----- SUPPLIED MATERIAL

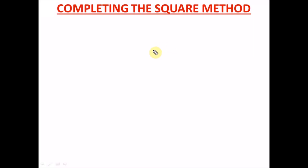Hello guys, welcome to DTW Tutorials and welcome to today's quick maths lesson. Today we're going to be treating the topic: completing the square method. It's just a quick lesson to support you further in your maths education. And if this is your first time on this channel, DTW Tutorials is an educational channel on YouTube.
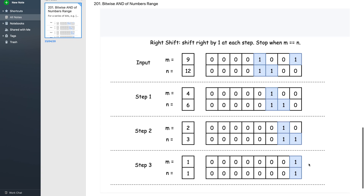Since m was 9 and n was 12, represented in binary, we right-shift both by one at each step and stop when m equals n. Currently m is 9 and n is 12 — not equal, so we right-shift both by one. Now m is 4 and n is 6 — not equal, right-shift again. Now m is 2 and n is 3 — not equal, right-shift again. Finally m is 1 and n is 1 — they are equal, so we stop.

----------
----- SUPPLIED MATERIAL

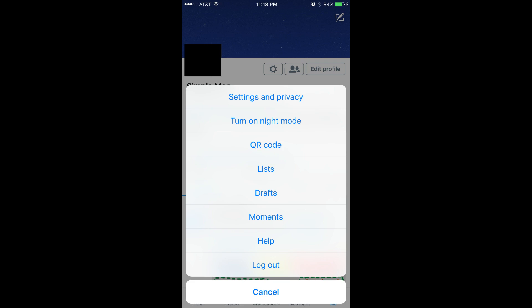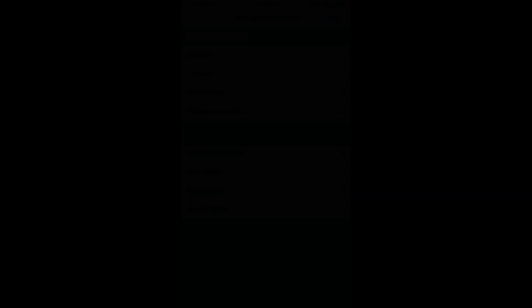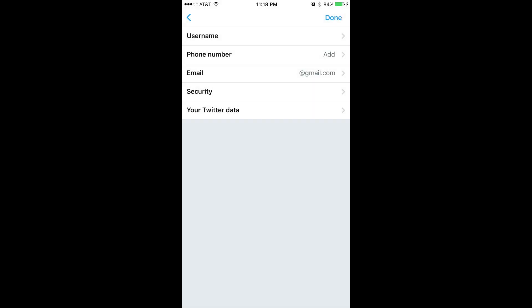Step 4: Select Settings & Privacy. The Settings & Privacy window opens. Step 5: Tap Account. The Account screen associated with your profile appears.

----------
----- SUPPLIED MATERIAL

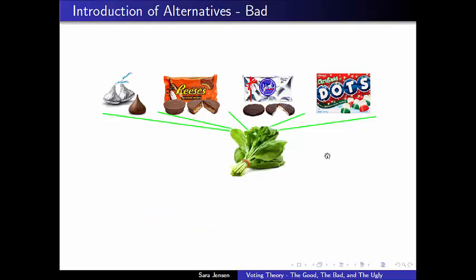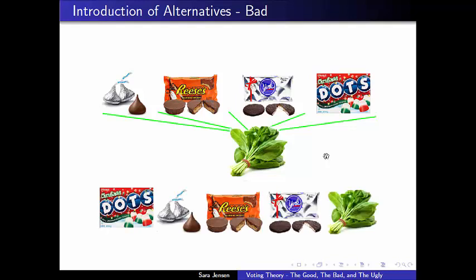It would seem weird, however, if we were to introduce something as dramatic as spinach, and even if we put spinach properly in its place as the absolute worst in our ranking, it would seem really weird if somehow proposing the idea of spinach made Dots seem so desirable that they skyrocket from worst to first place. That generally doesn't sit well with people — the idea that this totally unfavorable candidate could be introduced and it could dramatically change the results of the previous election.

----------

• [INSTRUCTIONS FOR THE TASK]: Look above for the line with "Hello guys, welcome" and the line with "Since m was"; set down those two lines and all lines between them exactly, without pictures and without anything else.

• [TASK OUTPUT]:
Hello guys, welcome to DTW Tutorials and welcome to today's quick maths lesson. Today we're going to be treating the topic: completing the square method. It's just a quick lesson to support you further in your maths education. And if this is your first time on this channel, DTW Tutorials is an educational channel on YouTube.
Since m was 9 and n was 12, represented in binary, we right-shift both by one at each step and stop when m equals n. Currently m is 9 and n is 12 — not equal, so we right-shift both by one. Now m is 4 and n is 6 — not equal, right-shift again. Now m is 2 and n is 3 — not equal, right-shift again. Finally m is 1 and n is 1 — they are equal, so we stop.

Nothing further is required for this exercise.